But a side effect of starting to work on one's software portfolio earlier is that often choices may be... not very professional. Maybe an old email address you'd rather make disappear, maybe throwing in your full legal name, maybe vulgar commit messages, it happened to everyone. What to do? Hide the project? Delete git history and re-commit as a single "initial commit"?? Sacrifice an NVIDIA gpu to Torvalds hoping to be blessed with git expertise in your dreams???
None of this really was acceptable for me (except the last one but it didn't work, oof) so I decided to look into better solutions. Git is such an awesome tool, there must be a perfect solution, right????
The problem
Sorry, there will be compromises. Get used to disappointment.
Git repositories are chains of commits: every new one builds cryptographically on top of previous commits. This makes impossible to just go and change something in the first commit: you need to redo them all! While a few dozens of commits are manageable, hundreds are really hard to fix and trying to fix thousands manually is plain madness.
Commits store both an "author" and a "committer". What you see is usually the "author", but both fields are there. Remade commits may replace the "committer" field, making your rewrite obvious, be wary!
Similarly, commits have an "author date" and a "commit date". We want to preserve the "author date", as it is displayed and shows our project timeline, but we should probably be fine updating the "commit date" to current time.

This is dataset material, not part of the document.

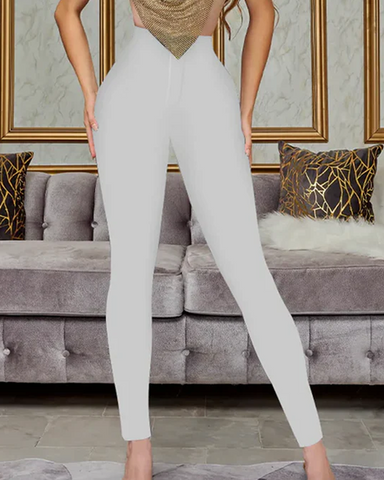 Pantalones adelgazantes con levantamiento de glúteos y cintura alta con control de barriga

So, without further ado, let's list our needs and dive into possible solutions
Desiderata
- replace authors: must be able to change commit authors
- preserve original time: while "committed" date can change, "created" date shouldn't
- fine-grained editing: allow changing only some commits
- commits signature: keep commits signed, if signed
- automatic: there should be no need for manual tweaking while rewriting
- fast: ideally this shouldn't take hours or days to complete
Our options
note that this is not a complete list, just what i am aware of! get in touch if you know more or have notes on these!
Mailmap
The simplest and built-in way to do this is with git's mailmap
. Just create a .mailmap
in your repository root directory with every occurrence to replace.
For example, this will replace all commits by old-user
(with or without mail) to your-user
with mail:
your-user <your@email.com> old-user <old@email.com>
your-user <your@email.com> old-user <>
This file can then be placed in the repository root, and git will use it to replace old authors in every command it runs.

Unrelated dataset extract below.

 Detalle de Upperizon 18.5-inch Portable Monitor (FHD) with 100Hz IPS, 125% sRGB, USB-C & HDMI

This method doesn't rewrite history, rather registers "an alias" that git uses. This is by far the cleanest and fastest method (as it doesn't really rewrite anything), but also the worst method as it doesn't really rewrite history. If you're trying to hide sensitive information, this isn't useful for you, but if you just want to remove an old dead email go for .mailmap.
summary
- replace authors: this doesn't rewrite history
- preserve original time
- fine-grained editing: literal matching via .mailmap file
- commits signature: as commits are not rewritten, signatures are unchanged
- automatic
- fast
Rebase + Amend
This method is the simplest for very small repos and will give the best results, but as repository complexity increases it quickly becomes excessively hard to make work.
Basically this starts from the first commit and rebases + amends all commits, resetting author to your current .gitconfig
values and updating the date to the original value (as it otherwise would get updated to now).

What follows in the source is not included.